David P. Stone, who was initially charged with 20 counts child pornography, pleaded guilty as part of a plea deal to reproduction of child pornography, a class X felony, and possession of child pornography, a class 2 felony.
The other counts were dismissed by prosecutors as part of the negotiated plea, court records show.
The most serious offense – reproduction of child pornography – carried a possible sentence of six to 30 years in prison.
Attorney General Kwame Raoul’s investigators, with the assistance of the McHenry Police Department and the McHenry County State’s Attorney’s Office, searched Stone’s home and arrested him after they discovered “evidence of alleged child pornography,” according to press release at the time.
In court Wednesday, Shannon O’Brien, an assistant attorney general for the State of Illinois, said Stone admitted to investigators he was in possession of child pornography, which was found on a tablet and thumb drives in his home. He had visited various websites and the dark web for child pornography, she said.
Stone is accused of possessing multiple sexually explicit videos or photographs of children younger than 13 years old, according to a criminal complaint filed in the McHenry County courthouse.
When McHenry County Judge James Cowlin asked Stone if he wanted to make a statement at his hearing Wednesday, he said, “I am not a bad person. I am very sorry. I didn’t hurt anyone.”
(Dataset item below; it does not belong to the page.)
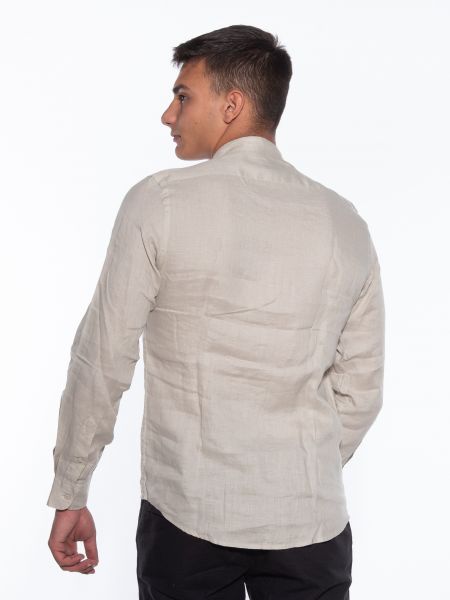 OVER-D Linen shirt OM349CM Beige OVER-D - 2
Upon release from prison, Stone will have “sexual predator” status on the Illinois Sex Offender Registry, for which he’ll have to register for life, O’Brien said.
He will also serve a mandatory supervised release of three years to life, O’Brien said.
The length of the mandatory supervised release is determined by the Illinois Department of Corrections’ Prisoner Review Board, which looks in part at his behavior while in prison.
He also is required to pay more than $8,500 in fines and fees, Cowlin said.
He will receive credit for the 841 days he’s spent in McHenry County jail since his arrest and is required to serve at least 50% of the 10-year sentence.